= The Little Witch =

1957 German children's book by Otfried Preußler

The Little Witch is a children's book written by Otfried Preußler, first published in 1957. Since then, the book has been translated into 47 different languages. All editions include illustrations by Winnie Gebhardt-Gayler.

== Plot ==

Together with her talking raven Abraxas, the Little Witch lives in a tiny warped house in the woods. Her biggest dream is to fly around the Blocksberg together with all the great witches. But one Walpurgis Night, when she tries to join the other witches without permission, she gets caught. As punishment the witches burn her broom but promise her, she will be allowed to participate at the next Walpurgis Night, if she has become a “Good Witch” until then.

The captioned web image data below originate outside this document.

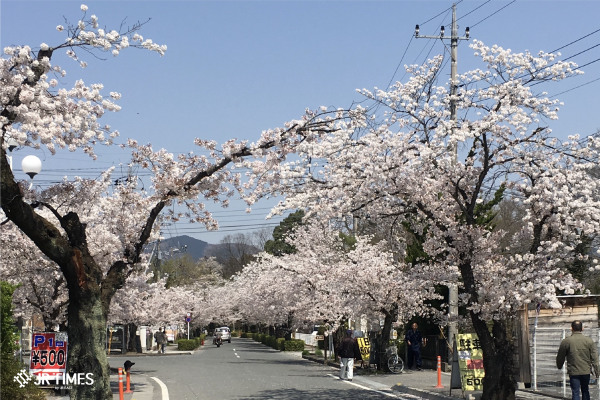 A stone’s throw from Tokyo – spring in Nagatoro
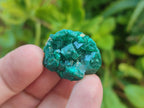 Natural Dioptase Specimens on Dolomite Matrix x 35 From Tantara Mine, Congo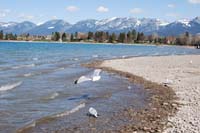 Montanas-Flathead-Lake0262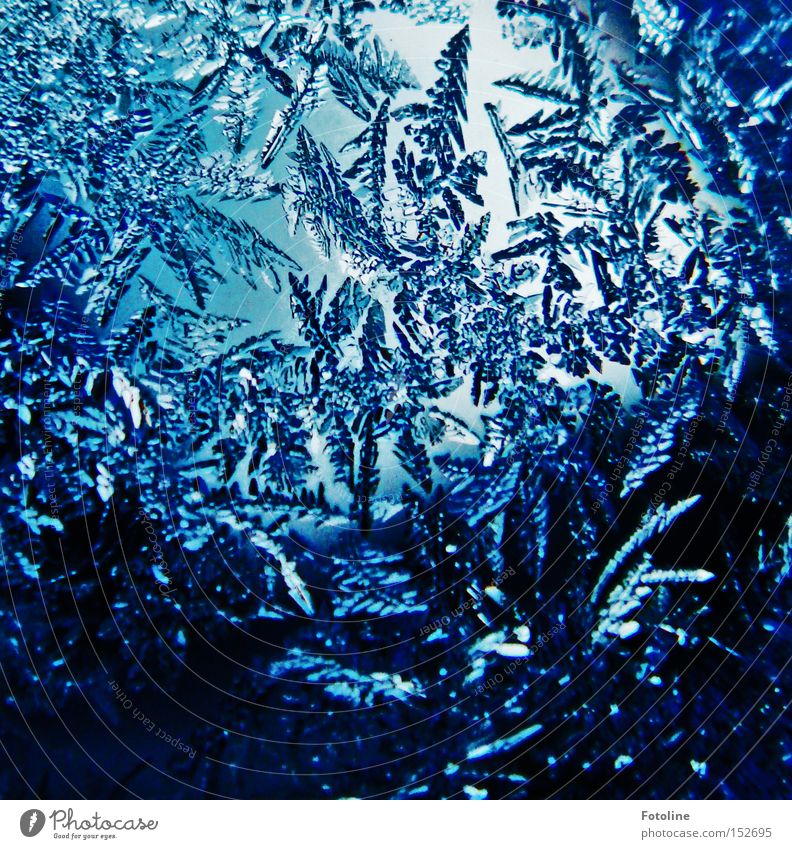 Eisblumen II Frost kalt Blume Glas Fensterscheibe Autofenster Morgen blau schwarz Wasser Winter frieren schön ästhetisch
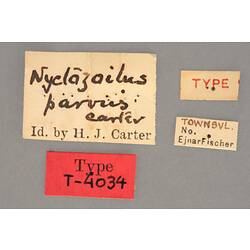 Entomology type specimen labels.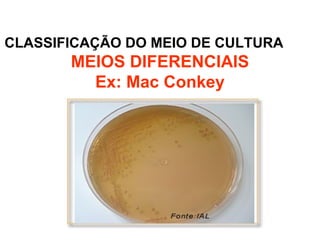 CLASSIFICAÇÃO DO MEIO DE CULTURA
MEIOS DIFERENCIAIS
Ex: Mac Conkey
 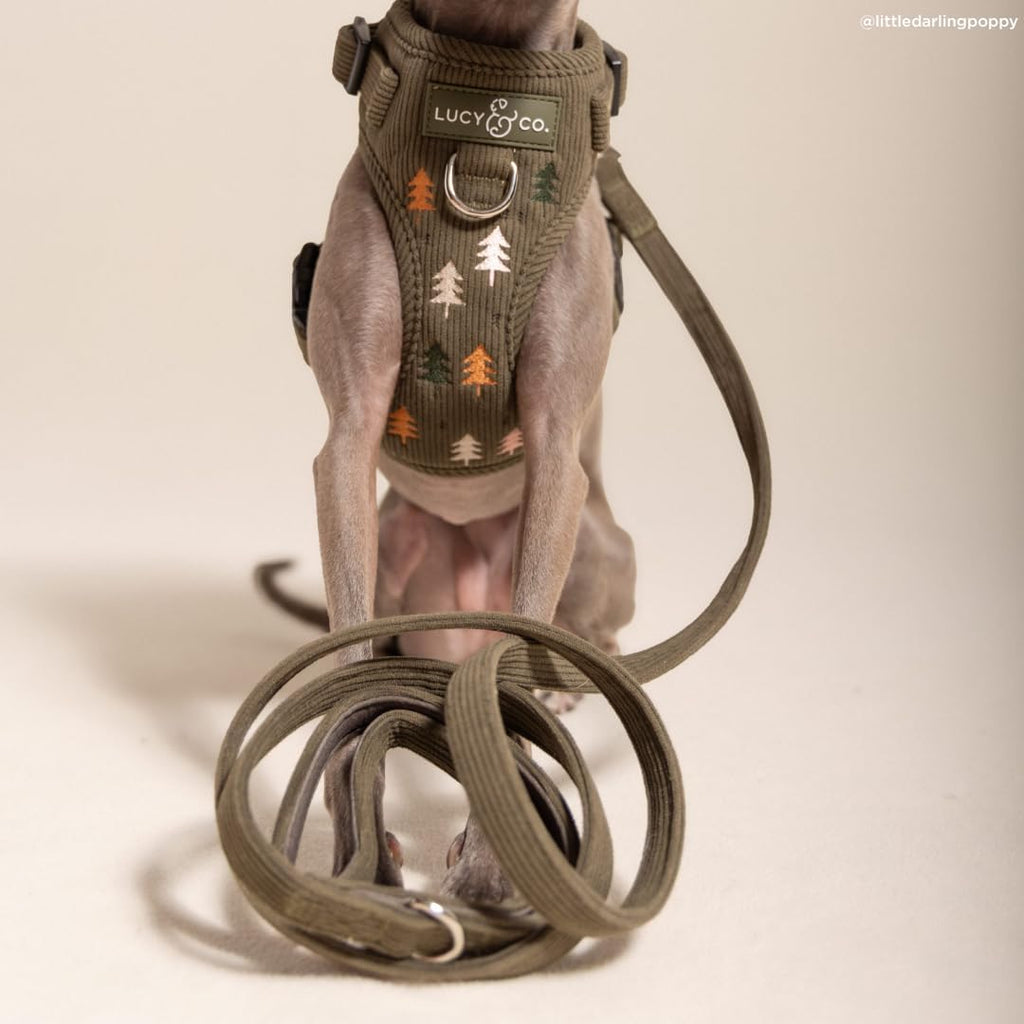 Lucy & Co. Take a Hike Corduroy Dog Leash, L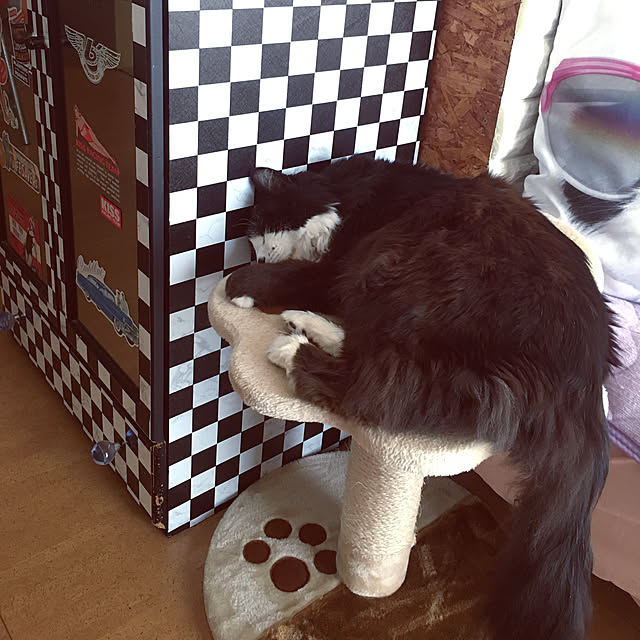 kanaさんの実例写真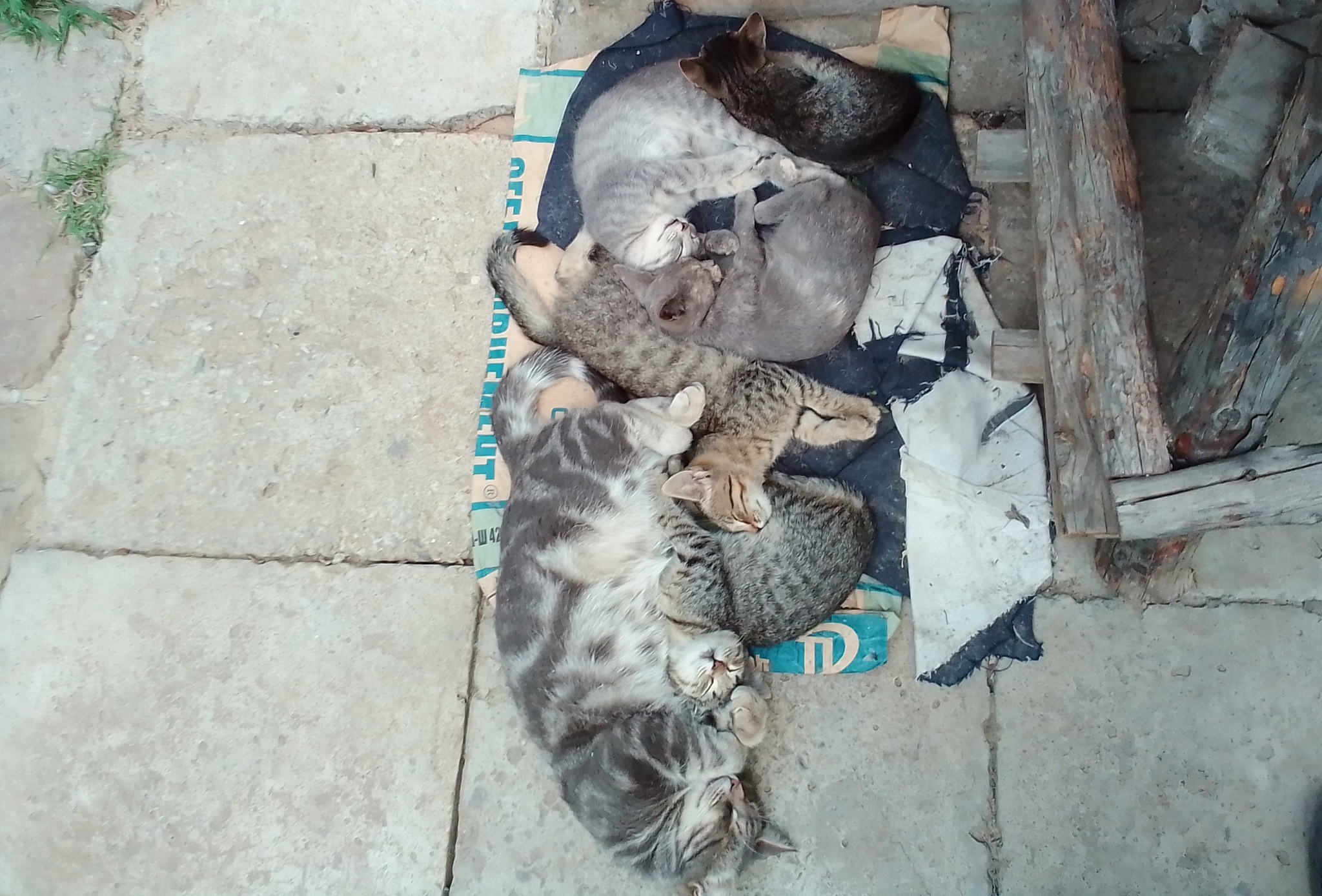 Abandoned kittens. Avito holds a leaky stamp - My, Kittens, Veshenskaya, Good league, In good hands, cat, Homeless animals, Cat lovers, Fluffy, Longpost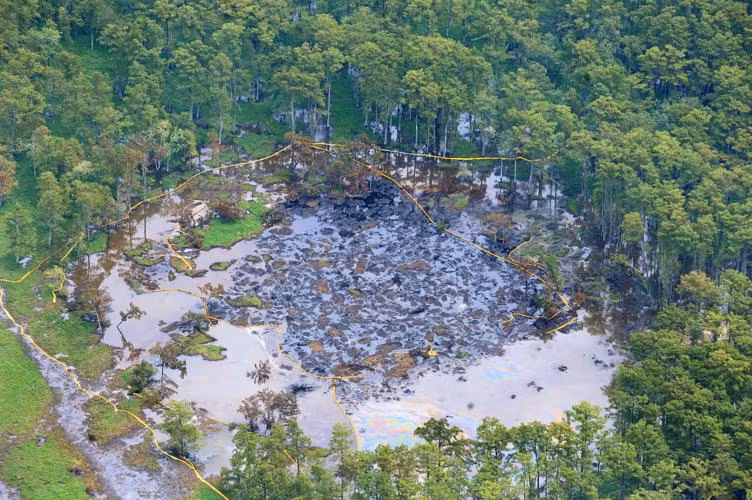 Bi an vung dam lay “nuot cay” khien chuyen gia roi nao
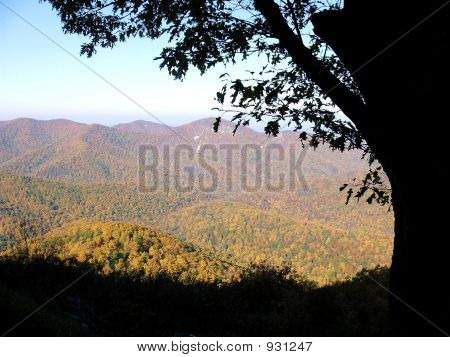 Overlook3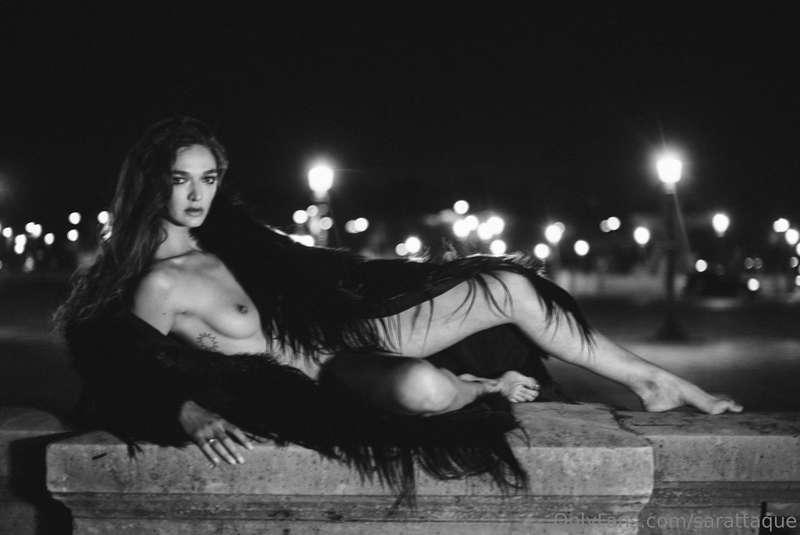Wild animal in Paris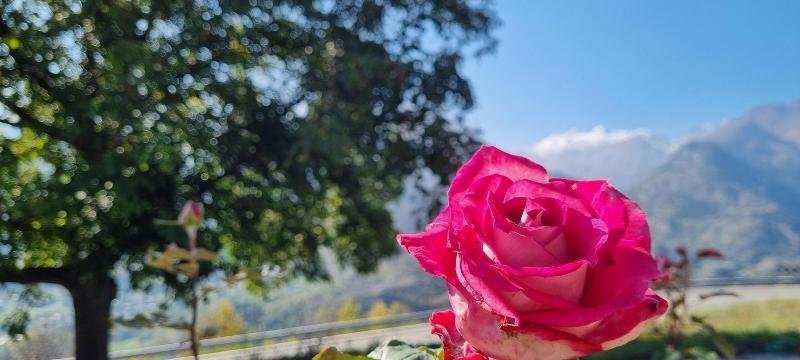 Lo Noyer Et Les Roses image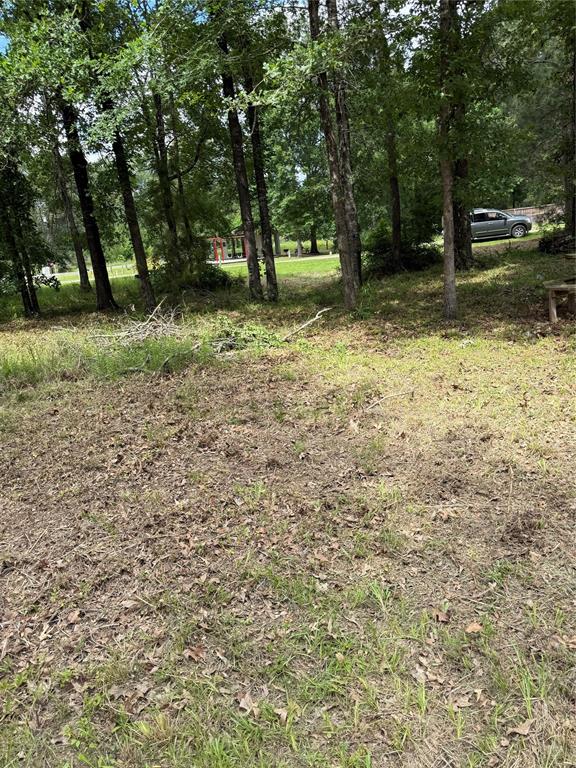 Oak Drive, Coldspring, Texas image 1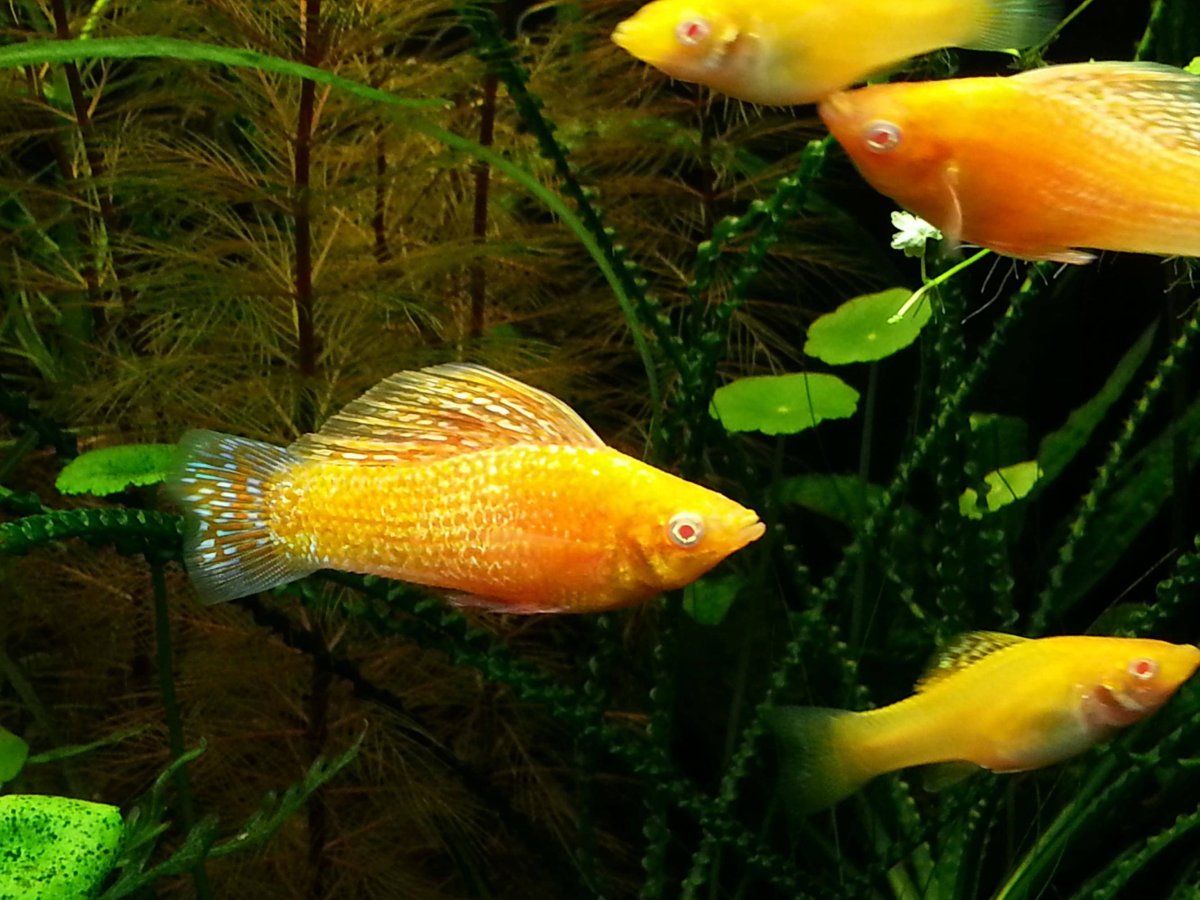 Молли велиферы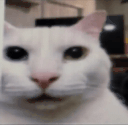 o_o animated emote
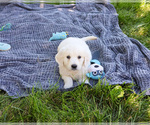 Small #5 English Cream Golden Retriever
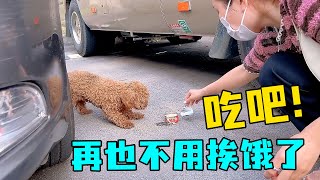 一家三口在車底下撿了一隻小泰迪，帶回家後視若珍寶，網友：小傢伙真會挑，選了一個有福之家！#狗狗 #流浪狗 #救助 #溫暖 #溫馨 #真實故事 #寵物 #流浪動物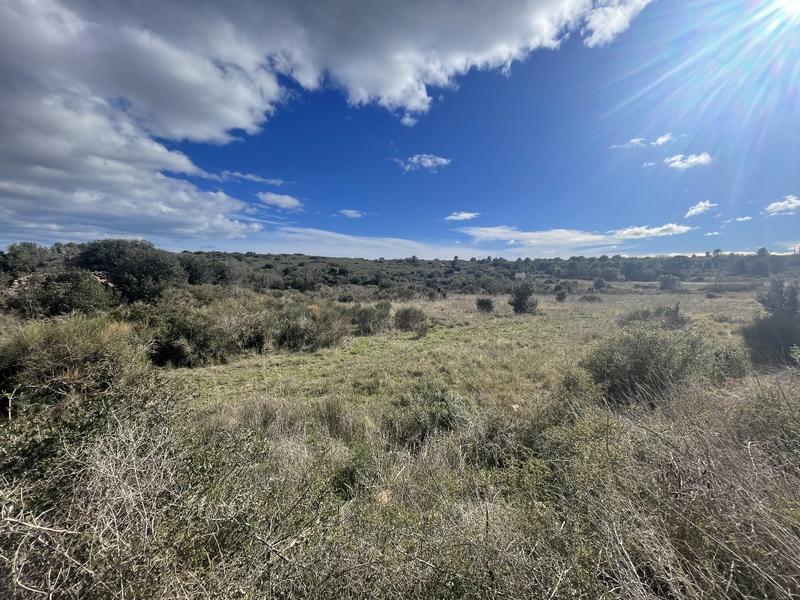 Terrain inconstructible - 6 683 m²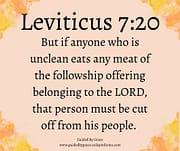 UNCLEAN ... MUST BE CUT OFF / LEVITICUS 7:20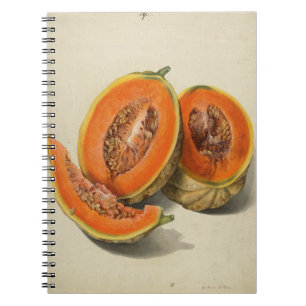 Cantaloupe melon Illustrationsbuch Notizblock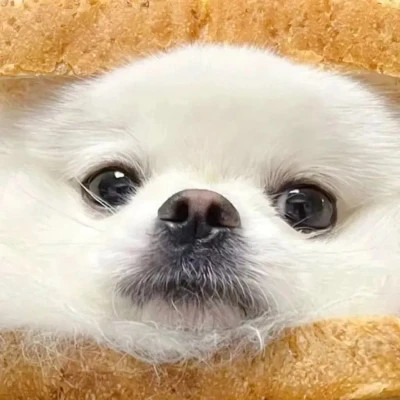 适合永久做头像的图片2023(18张)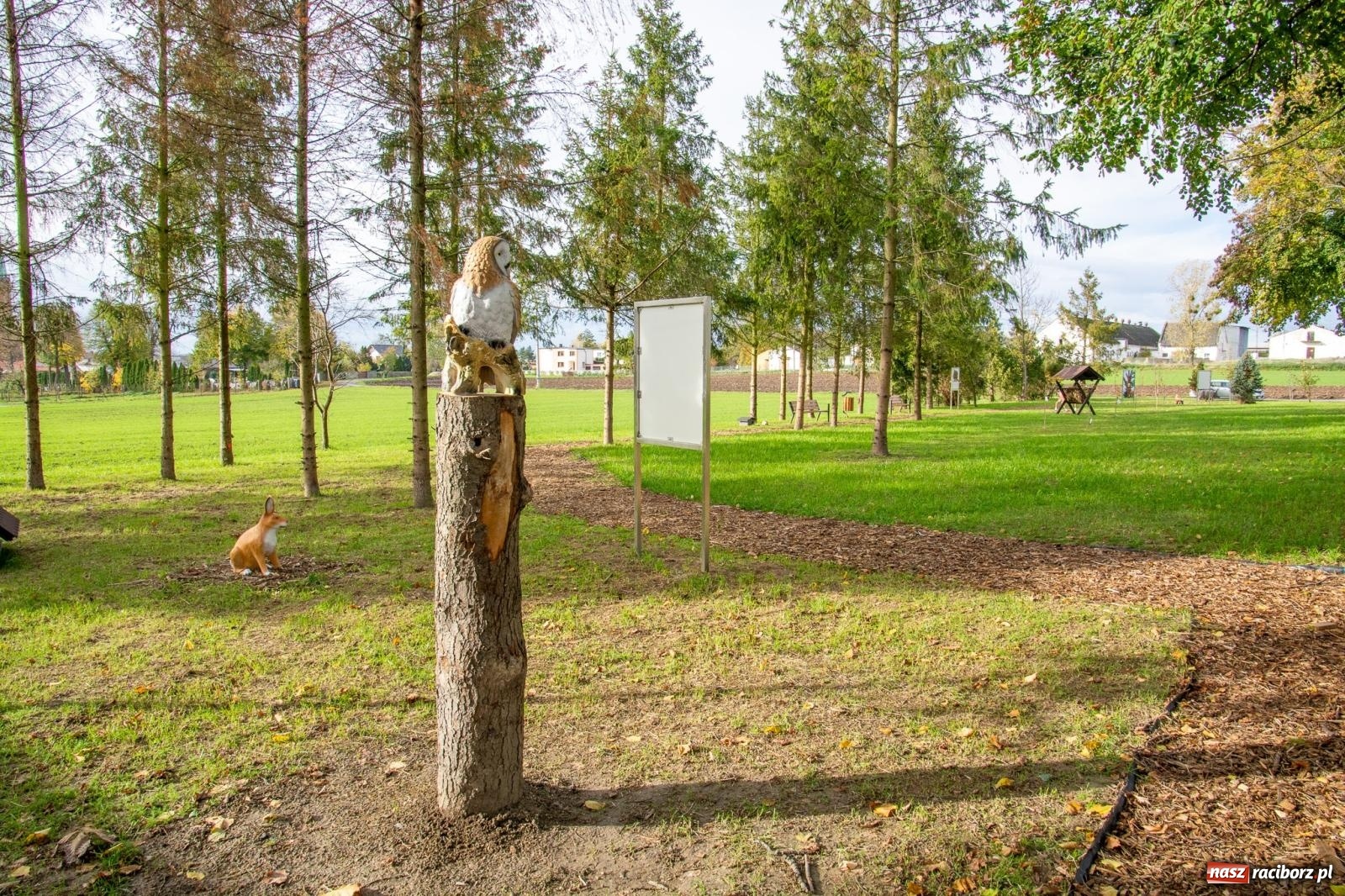 Zdjęcie w galerii na portalu naszraciborz.pl: Cyprzanów ma swój zielony zakątek. Jak leśny park niespodzianek [FOTO i WIDEO] wiadomości z regionu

Over one year, the Little Witch tries her best to do good, help people in need, punish villains, save animals, she even makes new friends. When she comes before the witch council again, to show what a good witch she has become, it becomes clear, that in their opinion a good witch has to be good at being evil. The council plans on punishing her with the chore to collect firewood for the Walpurgis Night pyre. But the Little Witch gets her revenge instead with casting a spell on the great witches and taking their spell books and brooms away, therefore rendering them powerless. She uses the books and brooms to make her own Walpurgis Night pyre.

== Characters ==

=== The Little Witch ===
The Little Witch is the main character of the story. She is 127 years old and thought to be kind and ambitious. She lives in the deep woods in a tiny house with a warped roof, a crooked chimney and rickety window shutters. She practices her magic for six hours every day, while sitting in front of the fire.

=== Abraxas ===
Abraxas is a speaking raven and the Little Witch's best friend. He is very smart and gives her advice in problematic situations. He also criticizes her errors while practicing witchcraft.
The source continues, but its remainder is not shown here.